I have also added a loading bar.

[26]:

def my_scraper(DRIVER_PATH, options, max_tweets):
    driver = webdriver.Chrome(DRIVER_PATH, options=options)
    web_site = "https://twitter.com/home"
    driver.get(web_site)

    # Crawl:

    username = WebDriverWait(driver, 10).until(
        EC.presence_of_element_located((By.XPATH, "//input[@name='text']"))
    )
    username.send_keys(my_username)
    username.send_keys(Keys.RETURN)

    password = WebDriverWait(driver, 10).until(
        EC.presence_of_element_located((By.XPATH, "//input[@name='password']"))
    )
    password.send_keys(my_password)
    password.send_keys(Keys.RETURN)

    search_box = WebDriverWait(driver, 10).until(
        EC.presence_of_element_located(
            (By.XPATH, "//input[@aria-label='Search query']")
        )
    )
    search_box.send_keys(
        '"bitcoin" lang:en until:2021-10-15 since:2021-10-14 -filter:links -filter:replies'
    )
    search_box.send_keys(Keys.RETURN)

    latest = WebDriverWait(driver, 10).until(
        EC.presence_of_element_located((By.LINK_TEXT, "Latest"))
    )
    latest.click()

    # Scrape:

    data = []
    tweet_ids = set()  # In order to not collect duplicates
    last_position = driver.execute_script("return window.pageYOffset;")
    scrolling = True

    while scrolling:
        page_cards = driver.find_elements(By.XPATH, '//article[@data-testid="tweet"]')
        for card in page_cards[-15:]:
            tweet = collect_tweet(card)

            if tweet:
                tweet_id = "".join(tweet)

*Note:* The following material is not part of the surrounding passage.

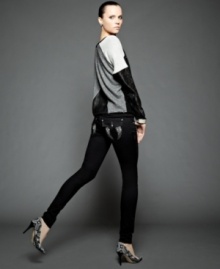 Rhinestone wings on the back pockets up the glam factor on these Miss Me jeggings -- dress them up or dress them down!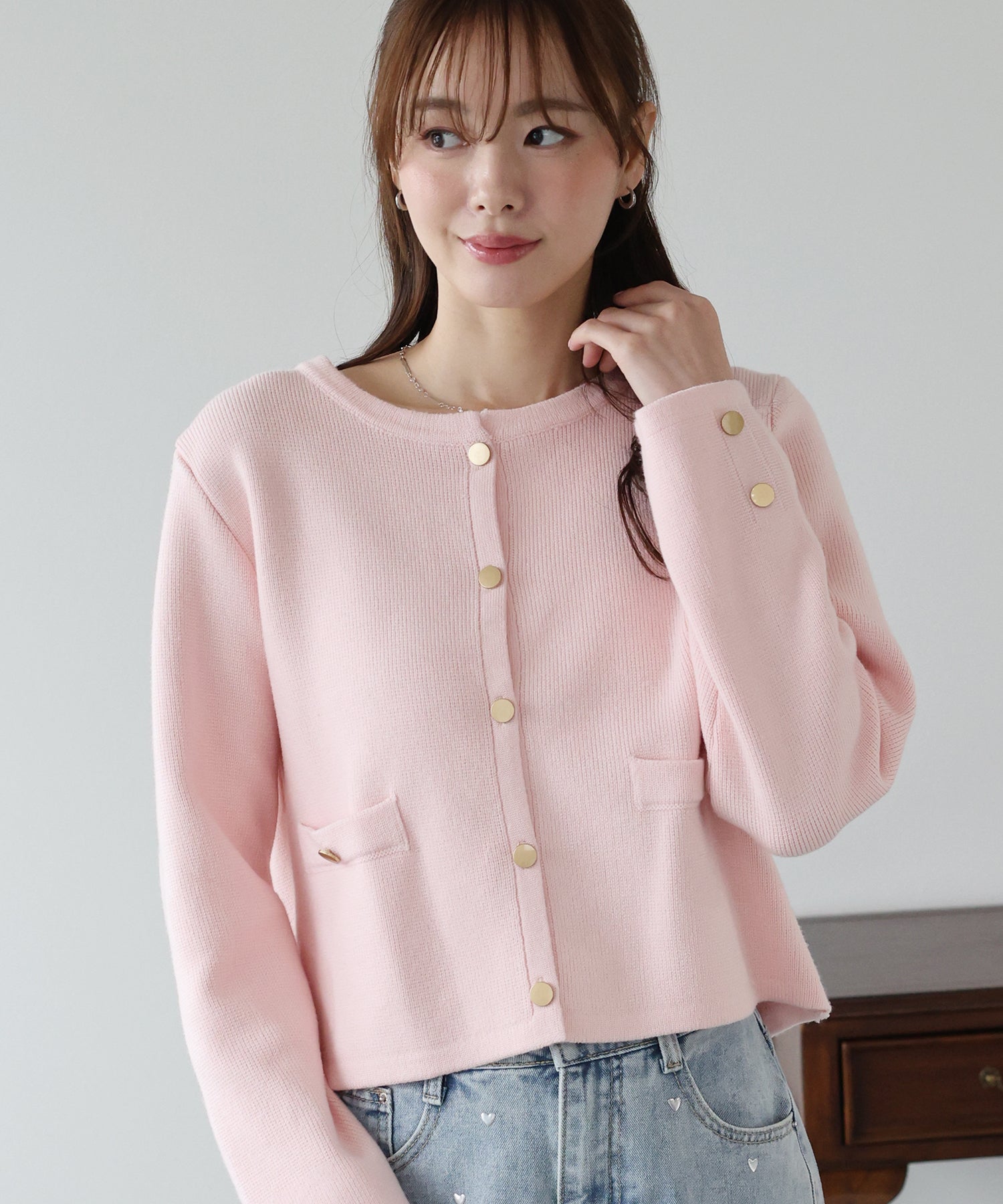 金ボタンノーカラーニットジャケット – BLUE ONLINE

                if tweet_id not in tweet_ids:
                    tweet_ids.add(tweet_id)
                    data.append(tweet)

        # Loading bar VISUALIZATION
        percent_done = int((len(data) / max_tweets) * 100)
        print(f"{percent_done}% ", end="", flush=True)

        scroll_attempt = 0

        while True:
            driver.execute_script("window.scrollTo(0, document.body.scrollHeight);")
            sleep(2)
            curr_position = driver.execute_script("return window.pageYOffset;")

            if last_position == curr_position:
                scroll_attempt += 1

                # end of scroll region
                if scroll_attempt >= 3:
                    scrolling = False
                    break

                else:
                    sleep(2)  # attempt another scroll

            else:
                last_position = curr_position
                break

        if len(data) > max_tweets:
            scrolling = False

    # Close the web driver
    driver.close()
    return data

[ ]:

data = my_scraper(DRIVER_PATH, options, max_tweets=17)
data

[ ]:

# Some mentionworthy options:

options.add_experimental_option(
    "prefs",
    {
        "download.default_directory": PLACE_YOUR_DESIRED_PATH,
        "download.prompt_for_download": False,
        "download.directory_upgrade": True,
        "safebrowsing.enabled": True,
    },
)
# setDownloadPreferences: Sets the download preferences for the browser.
# Here, it specifies the default download directory, disables the download prompt,
# enables directory upgrade, and enables safe browsing.

options.add_argument("--headless=new")
# setHeadlessMode: Sets the browser in headless mode, which means it runs without a
# graphical user interface.

options.add_argument("--disable-gpu")
# disableGPU: Disables the use of the GPU (graphics processing unit) in the browser.

options.add_argument("--no-sandbox")
# disableSandbox: Disables the sandbox mode, which provides an extra layer of security for the browser.

options.add_argument("--disable-dev-shm-usage")
# disableDevShmUsage: Disables the use of /dev/shm temporary storage in the browser.

options.add_argument("--log-level=3")
# setLogLevel: Sets the logging level for the browser. Here, it sets the log level to 3, which is the highest level of logging.

options.add_argument("--silent")
# setSilentMode: Sets the browser in silent mode, which suppresses most browser notifications and prompts.